He’s had to show a birth certificate, a passport – even his diploma from Reavis High School proving his graduation.
“You’d think I’m going to be president of the United States,” he said.
‘You can’t give in or give up’
Blaha adores machines. They’re in his blood. His Slavic surname translates roughly to “man of bronze.” His father, a master machinist, lost his hearing working all his life in a machine shop.
He can look at a part and visualize the mold that made it. And making machines work again thrills him.
“I have a natural knack with machines,” he said. “Repairing something is like bringing it to life.”
But in March 2008, the mailing machine company in Crestwood Blaha was working for told him his drilling and milling skills were no longer needed. With the economy buckling, companies were spending less on mailings and on the machines that stuff them.
Between March 2008 and December 2009, Illinois has lost 90,300 manufacturing jobs, while the nation lost a total of 1,869,000 jobs in that sector, according to the Illinois Department of Employment Security.
Blaha, meanwhile, has gone through the seven stages of grief that job counselors warned him about.
And he’s torn through a good seven incarnations of resumes with help from area job clubs.
The clubs – Blaha is up to three, sponsored by St. Elizabeth Seton in Orland Hills, St. Germaine in Oak Lawn and Our Lady of the Woods in Orland Park – help keep his morale up. He’s gotten help tweaking his resume and polishing his interviewing skills.
An active church and choir member at Our Lady of the Ridge in Chicago Ridge, Blaha draws on his Catholic faith to keep it together.
“I think prayer helps me the most,” he said. “You have to believe it’s going to get better. You can’t give in or give up.”
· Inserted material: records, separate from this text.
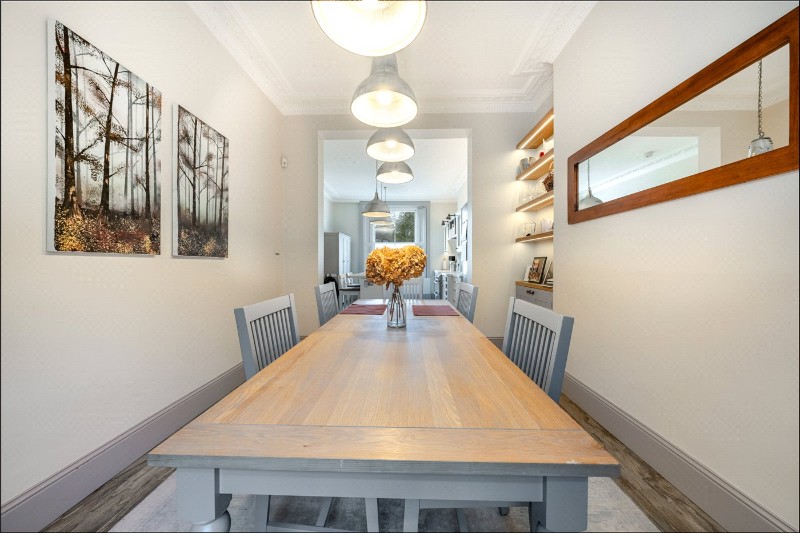 Blomfield Villas, Little Venice, London, W2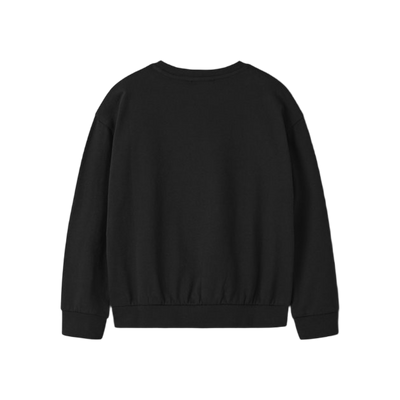 Name-it Nkfviloui Ls Rlx Sweat Bru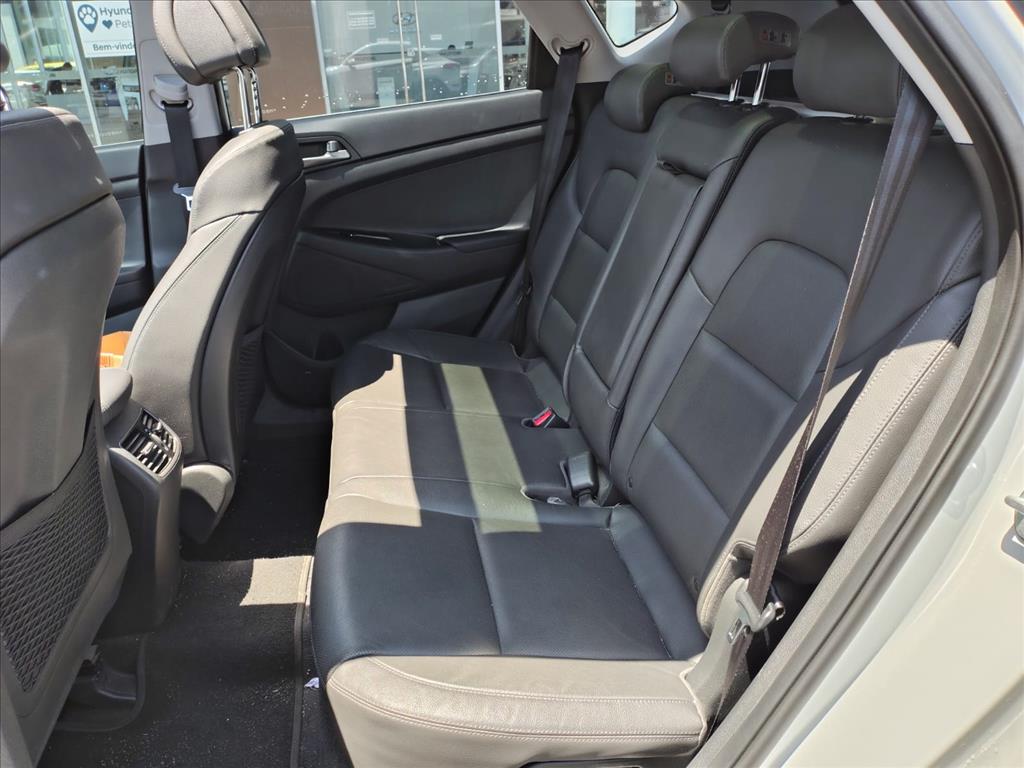 Hyundai-TUCSON-1.6 16V T-GDI GASOLINA GLS ECOSHIFT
‘Economy has gotten better’
A fter decades of early morning starts on the job, Blaha still wakes up at 6 a.m. The library doesn’t open until 9, so he drinks coffee, reads the news, gets dressed.
Though some of his job club colleagues still don a shirt and tie every day, Blaha prefers T-shirts.
Setting up by the library’s broad windows, he checks an e-mail inbox that’s full of tips about potential jobs. He jumps on the new ones for any maintenance machinist jobs within 30 miles of home.
“You’ve got to get on the job right away and apply within three days or they won’t even call you,” he said.
Some of the ads prove useless, Blaha’s learned over months of doing this. Companies with dozens of listings all over the area are actually training schools trying to get you to click through, he said.
“I tend to stay away from staffing services. They’re more of a pain, more of a runaround.”
At least he has listings again to try for. In October, Blaha received only a few job matches a day. Now he’ll hit on 25 or 30.
“The economy has gotten better just watching the job things that come up,” he said.
By 2 p.m. each day, he heads home to check messages on his answering machine and set up his plan of attack for the next day. He makes dinner for the younger brother he’s shared an apartment with since both men divorced 18 years ago.
After 22 months of job searching, Blaha thinks he’s mastered the dance.
One company just turned him down, but he’s deep in the process at a second – a real company, not an agency.
But he won’t quit the hunt until he has a final offer to accept and a start date, saying, “Until you have a job, you don’t have one.”